Codependence starts innocently enough, but over time the partners lose their sense of self, observed Roach. Defensive behavior sets in, with reaction to each other's nuances taking precedence over pursuit of their own clear paths forward. “The American Psychiatric Association describes seven steps of mental health disorders that apply to individuals,” said Roach, noting that his wife happens to be a psychotherapist. “It’s not a total stretch to apply the same progressive pattern to economics.”
A Win-Win...For a While
The dynamic dates back to the 1970s and 80s, when China's post-Mao answer to its staggering poverty was to make and export cheap goods. America’s response to its own recession was to buy these Chinese goods. With the money it received, China built infrastructure to support the world’s most powerful export platform. Increasingly, surplus savings went to US Treasuries, enabling America to continue buying Chinese products while using its trading partner’s savings to fund government debt.
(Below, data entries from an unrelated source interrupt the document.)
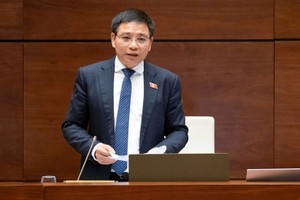 Bộ trưởng Bộ Tài chính Nguyễn Văn Thắng tiếp thu ý kiến đại biểu Quốc hội. 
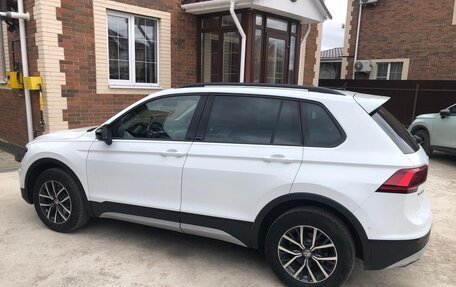 Volkswagen Tiguan II, 2019 год, 2 980 000 рублей, 6 фотография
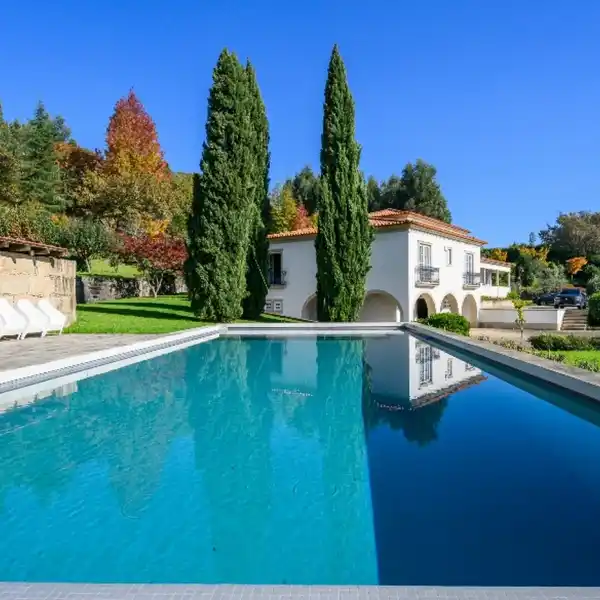 GRAND ESTATE BLENDING TIMELESS ELEGANCE AND MODERN COMFORT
“China gave Americans a way to repeal the basic laws of economics,” Roach wrote. “They could live beyond their means, and that enabled the Chinese to do the same.”
Fast-forward to the 21st century. Both economies have fallen out of balance. China’s production economy today relies too heavily on exports as its consumers don’t spend enough to spur domestic growth. On the other side of the globe, the US consumer economy just doesn’t make enough of its own goods to encourage robust employment. And it certainly doesn’t save enough to support public or private debt.
Where to Go From Here
The professor and former Wall Street economist offered a prescription for a healthier, more productive coexistence that begins by each country putting its own house in order. First, the Chinese government needs to keep surplus savings within its borders, rather than buying up foreign investment vehicles such as US Treasuries, and use those savings to stimulate consumer spending and create a social safety net.
The United States, meanwhile, needs to do the opposite, he said. “We need to be weaned off of consumerism and build our savings so the United States can invest in education, infrastructure, and growth.”
China, he said, seems to get it. A “fairly comprehensive plan” that the PRC laid out in China's 12th Five-Year Plan in 2011 and the Third Plenum in 2013 is pointing the country away from production and exports to a more balanced consumer-led economy.
Roach warned against declaring victory too soon, though. It will take at least a decade for China to rebalance from export manufacturing to an economy focused on supplying and servicing its own consumers. And it will take a stronger, broader safety net to ensure the Chinese populace doesn’t need to hoard savings to cover individual emergencies — or old age.
In contrast, America seems to be fumbling just to return to its pre-recession cushy consumer existence, Roach noted. However, a few positive signs are currently boosting America’s position globally. “Some manufacturing is returning to the United States. Unemployment is coming down. Consumers began to deleverage, but it will take another five years to get back to the US debt levels of 2008,” he said.
Beyond that, though, Roach sees no evidence of a will — much less a strategy — to abandon profligate US spending and encouraging saving. “Savings is a four-letter word in America,” he said. “But without savings, we will be in real trouble without China’s surplus.”